Kriegel acepta decididamente la
existencia de dos sectores en la Corte que se disputaban la influencia cerca de
los Reyes y que se combatieron hasta 1492: el primero defendía la conservación
de los judíos -tomando, desde luego, las medidas necesarias para eliminar los
peligros religiosos- y el segundo, protagonizado por la Inquisición, que se
negaba a admitir ningún tipo de solución que no incluyese la prohibición del
judaísmo. Esto parece muy cierto. Pero la solución última, que será la que
acabe imponiéndose, reclamaba en los Reyes Católicos, tan cuidadosos de su
propia imagen, algunas condiciones previas: a) la declaración de delitos, como
la usura y la herejía, que no pudiesen ser castigados de otra manera y que
justificasen, con su maldad, la decisión; b) la concesión de un plazo durante
el cual pudiesen rectificar dicha maldad, convirtiéndose; y c) la libre
disposición, en todo momento, de sus bienes. Estas tres condiciones se
encuentran contempladas en el famoso Decreto.
Curiosamente el aspecto más
injusto de toda esta cuestión, el atentado a la esencia misma del pueblo de
Israel, su fe religiosa, no se tuvo en cuenta. Desde una óptica de máximo
religioso -summum ius, summa iniuria- la fe mosaica era el verdadero mal
que había que estirpar, invitando in extremis a los judíos a salvarse a
sí mismos mediante el reconocimiento de la verdad.

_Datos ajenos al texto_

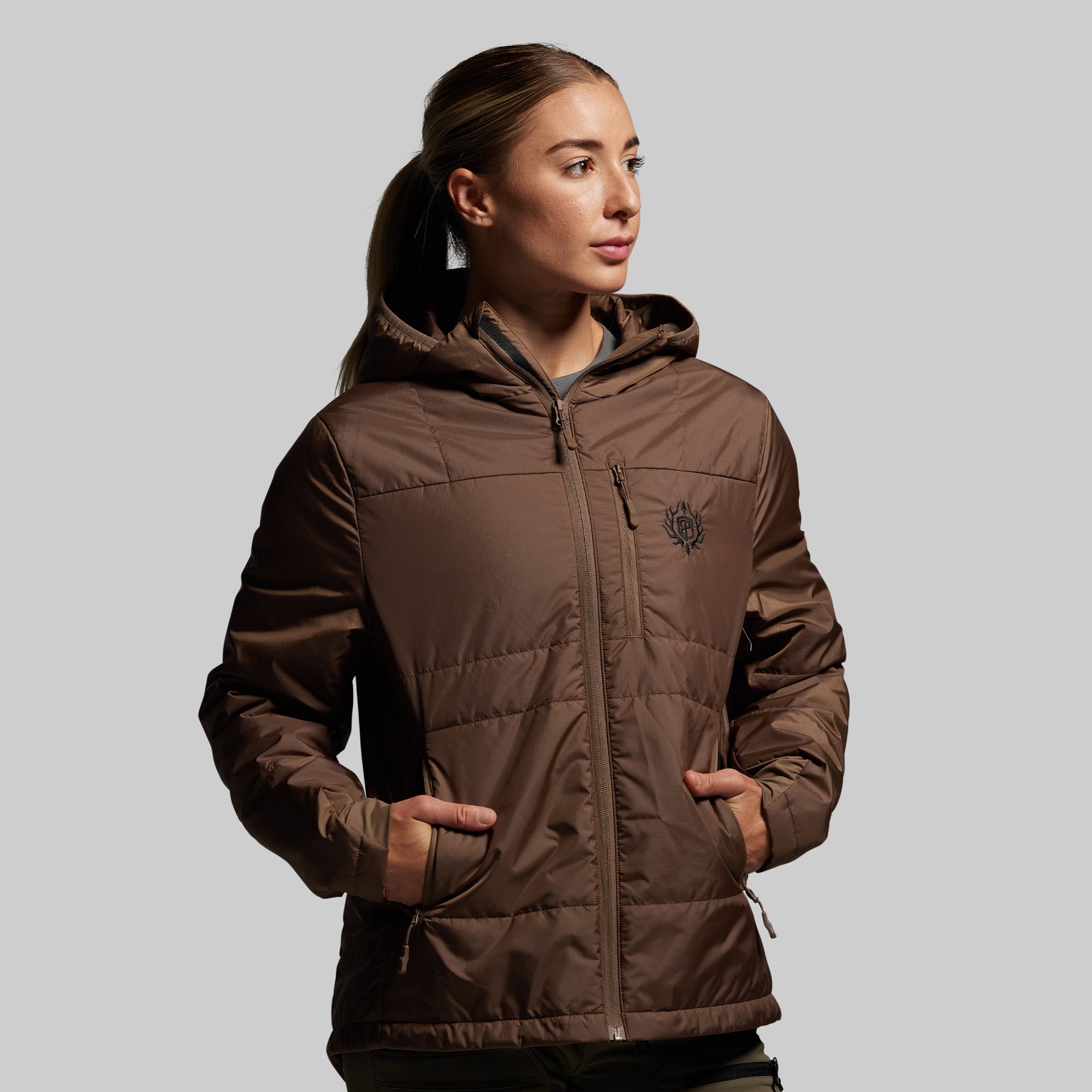 Women's Tundra Jacket Light 2.0 (Coyote Brown)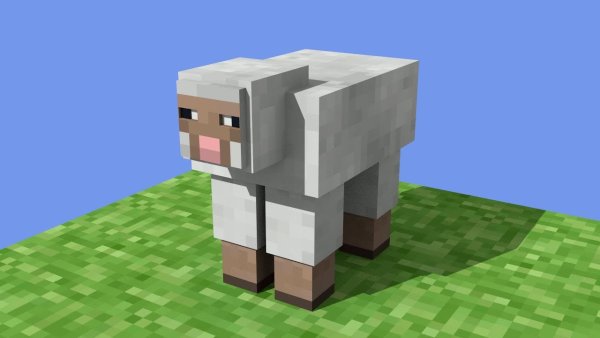 Овца Minecraft
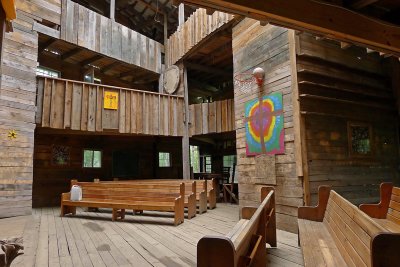 10,000+ SQ. FT. TREE HOUSE CHURCH MAIN SANCTUARY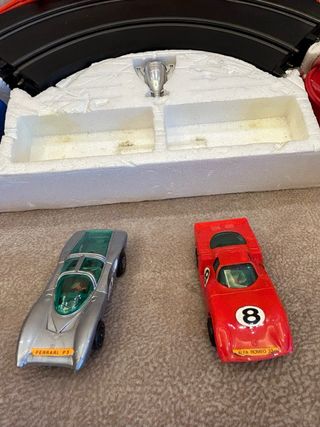 Autopista elettrica Vintage Polistil 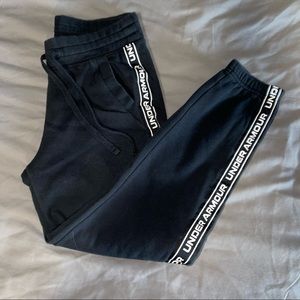 Black Under Armor Sweatpants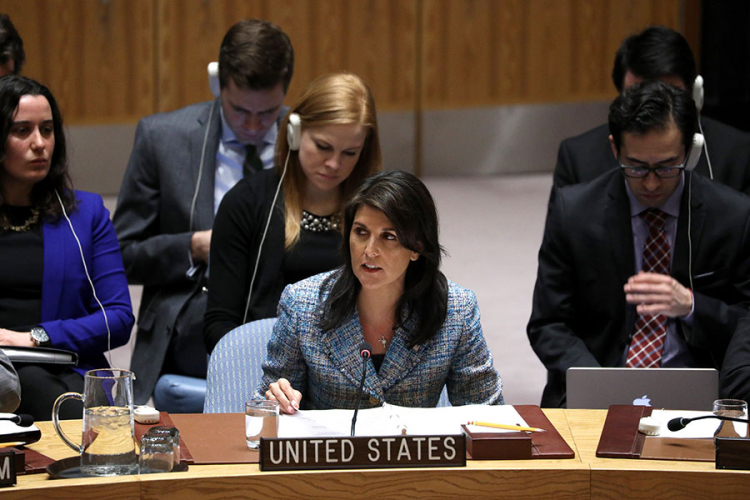 SAD uputile Savjetu bezbjednosti UN-a novi nacrt rezolucije o primirju u Siriji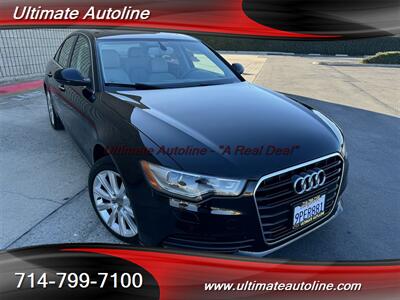 2013 Audi A6 2.0T Premium Plus  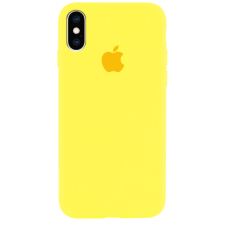 Чохол Silicone Case iPhone x/Xs yellow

En cambio, en la documentación que
rodea al Decreto y muchos menos en el texto de éste, no existe ninguna
referencia al proceso del llamado Santo Niño de La Guardia (Toledo), a
pesar de que era muy reciente (17 de diciembre de 1490-16 de noviembre de 1491)

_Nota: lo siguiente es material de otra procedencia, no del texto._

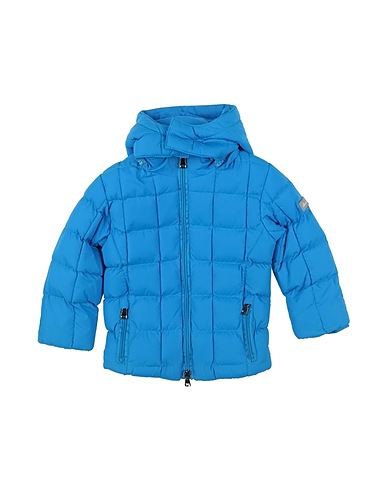 BARNUM Piumino Azzurro 100% Nylon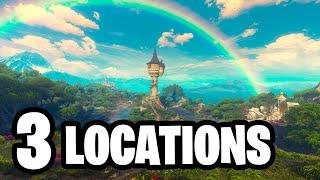 The Witcher 3 - Locations you CAN reach, even though you're NOT supposed to | Part 3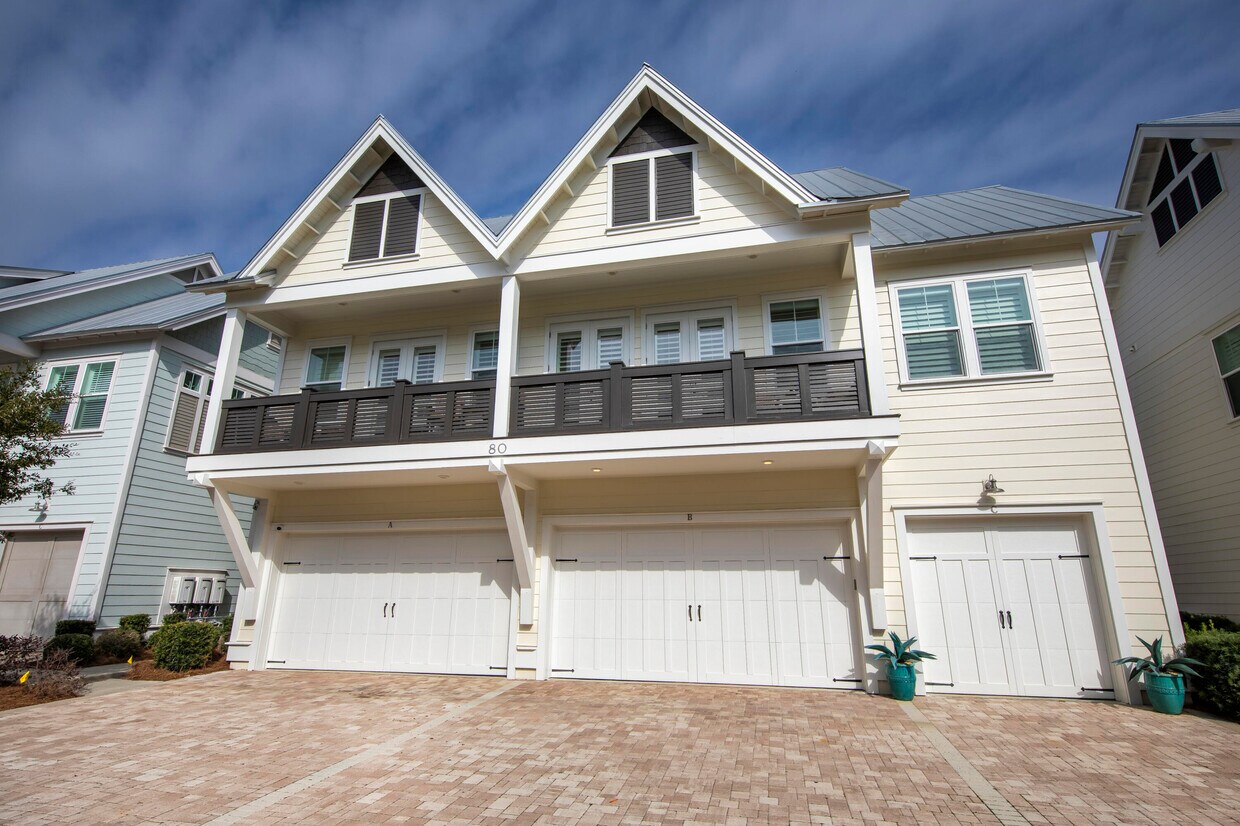 80 York Ln, Inlet Beach, FL 32461 Townhome Rentals in Inlet Beach FL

y de que, con las declaraciones arrancadas por persuasión o por tortura,
proporcionaba el material idóneo para la difamación de los judíos4.En esta
ocasión los investigadores no se encuentran tan sólo con noticias acerca de dos
crímenes rituales, profanación de la Hostia y asesinato ritual de un niño, sino
con pliegos de papel en que se contienen declaraciones de los acusados, la más
importante de todas la del judío Joseph Franco, vecino de Tembleque. Conviene
advertir que hubo la intención de unir en el delito a judíos y conversos,
cargando la mano en desfavor de éstos, que aparecen como principales culpables.

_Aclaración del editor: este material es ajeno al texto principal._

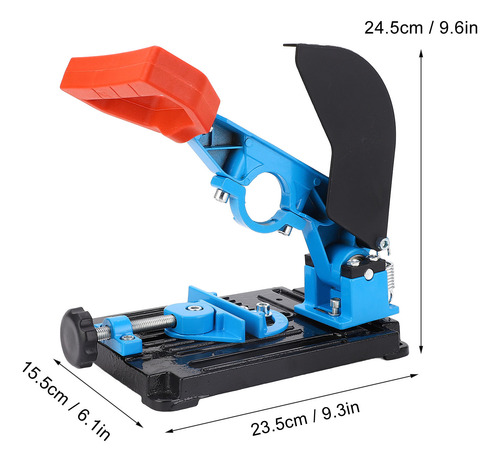 Máquina Cortadora Convertida En Soporte De Amoladora Angular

No me parece relevante hacer aquí el relato detallado del proceso, que Fita ya
estudió hace muchos años. Sí, en cambio, extraer unos pocos rasgos
significativos.
El proceso comenzó en junio de
1490 cuando fue preso en Astorga Benito García, converso de La Guardia, de
quien se dijo que llevaba en su equipaje una Forma ya consagrada. Puede
suponerse, por sus propias declaraciones, que tenía intención de retornar al
judaísmo. Pasaron varios meses antes de que apareciesen otros cargos que
implicaban a dos judíos, el zapatero Joseph Franco y su amigo Mosés Benami, y a
otros seis conversos. Se trataba ahora de los dos crímenes rituales: robo o
compra de una Forma y asesinato de un niño, cuyo nombre no se mencionó jamás,
para someter a su corazón a ritos mágicos. Hay otros dos detalles
significativos. En un determinado momento del proceso, cuando vieron que la
situación se estaba haciendo grave, los dos acusados judíos solicitaron que
interviniese su rabino mayor, Abraham Seneor, pero esto no se produjo e
ignoramos las causas. Por su parte el inquisidor general, Torquemada, que
estuvo minuciosamente informado del proceso, se negó a intervenir en él
alegando sus múltiples ocupaciones. Seguramente lo que importaba a los
promotores del proceso era llegar a un acto público de ejecución, como el que
tuvo lugar en Avila el 16 de noviembre de 1491. Joseph Franco, principal
testigo y hombre bastante simple si juzgamos por sus respuestas, no conoció la
sentencia hasta muy poco antes de ser quemado.
Para una sociedad tan penetrada de
fantásticos temores, tan inclinada a creer en la magia, el final del proceso
parecía poner un sello tangible a los dos crímenes que con tanta insistencia se
atribuyeran a los judíos. Mucha debió de ser la importancia otorgada por la
Inquisición a este proceso cuando se arriesgó a incurrir en el grave defecto de
apoyar la acusación en el testimonio de un judío asustado y torturado, contra
cristianos. No poseemos, sin embargo, ningún dato que permita asegurar que haya
influido en la determinación de los Reyes.